As the Canada-Europe Trade Agreement was negotiated over the last few years, it’s been touted as a game-changing deal that opens up a potentially massive market.
That may well be, but it would appear for most agricultural commodities, that’s going to be an ‘easier-said-than-done’ scenario, at least for the foreseeable future.
Ottawa has made much of the fact that, to quote Agriculture and Agri-Food Canada’s website, “With CETA’s provisional application, almost 94 per cent of the EU agricultural tariff lines are now duty free…”
However, as our Ottawa correspondent Alex Binkley reports it’s not quite so simple as all that. While a lot of tariffs may have been eliminated, it would seem plenty of barriers remain.
Over the next six years Canada’s annual quota for beef shipped to Europe will grow from 15,000 tonnes to 65,000 tonnes annually. Over the same period, pork quota will grow from 6,000 to 75,000 tonnes.

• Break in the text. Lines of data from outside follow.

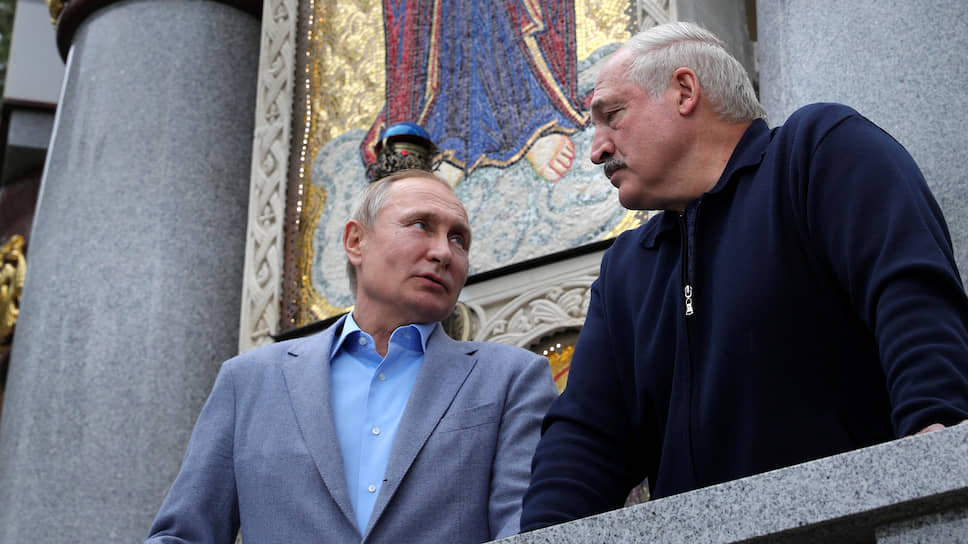 Александр Лукашенко заранее предупредил, что в ходе посещения Валаамского монастыря не собирается «что-то тайно решать» с Владимиром Путиным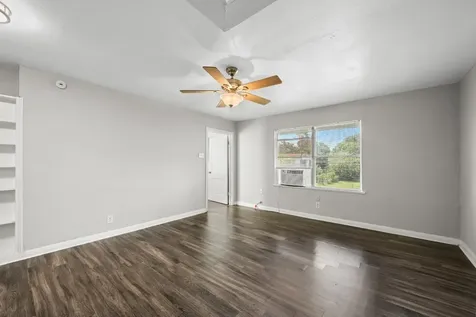 1107 3rd Avenue N Texas City TX 77590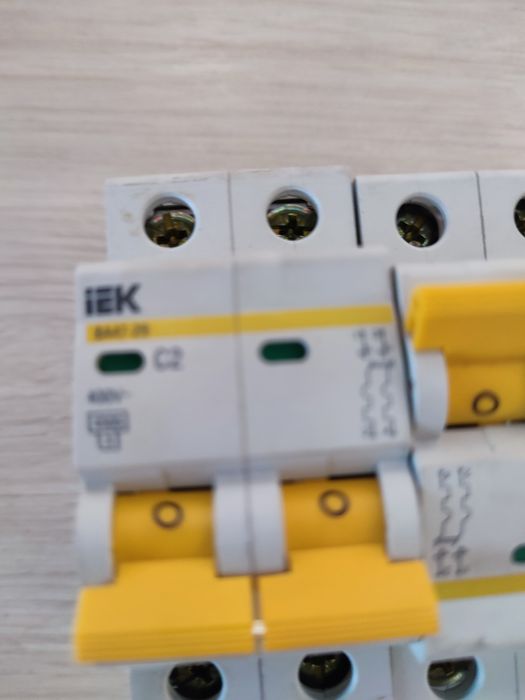 Автоматический выключатель IEK ВА47-29 2P 2A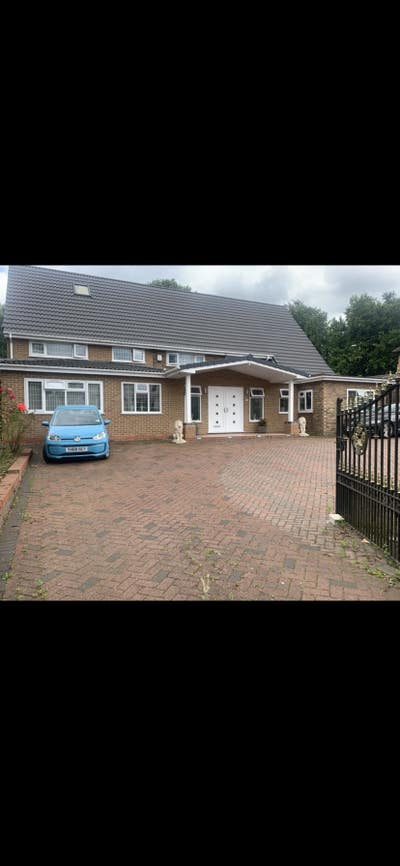 Modern  furnished house with parking  Main Photo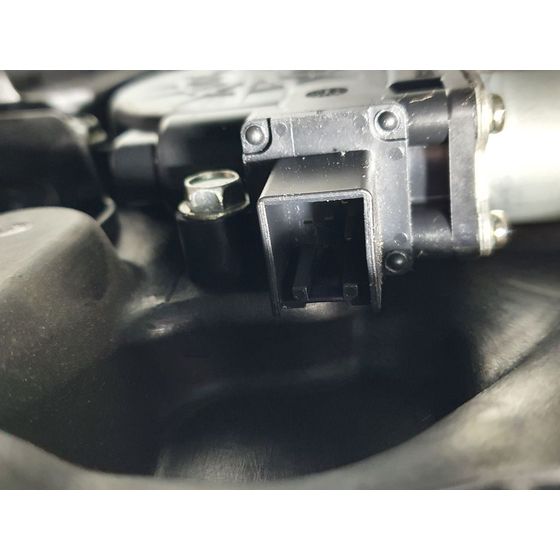 Elevalunas Trasero Izquierdo Para Mazda 2 Lim.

However, production issues such as the Canadian use of growth-promoting hormones and meat-processing protocols promise to cap that number at a far lower level until they are ironed out.
In grain and oilseed production, there are similar promises that duties such as a $190-a-tonne tariff on high-quality durum wheat, to cite just one example, will disappear.
What that fails to address is the reality that a lack of harmonization in pesticide and biotechnology approvals still promises to raise hurdles to trade for the foreseeable future.
Another issue for grain producers is the recent move in the major durum market of Italy to introduce country-of-origin labelling for pasta and rice there, throwing up yet another roadblock to enhanced trade.
In the meantime, Ottawa’s attention appears to have moved on to cutting new deals with China, the U.K. and NAFTA renegotiations.
That’s worrisome. Without a concerted effort to resolve these issues, Canada may never gain its promised market access.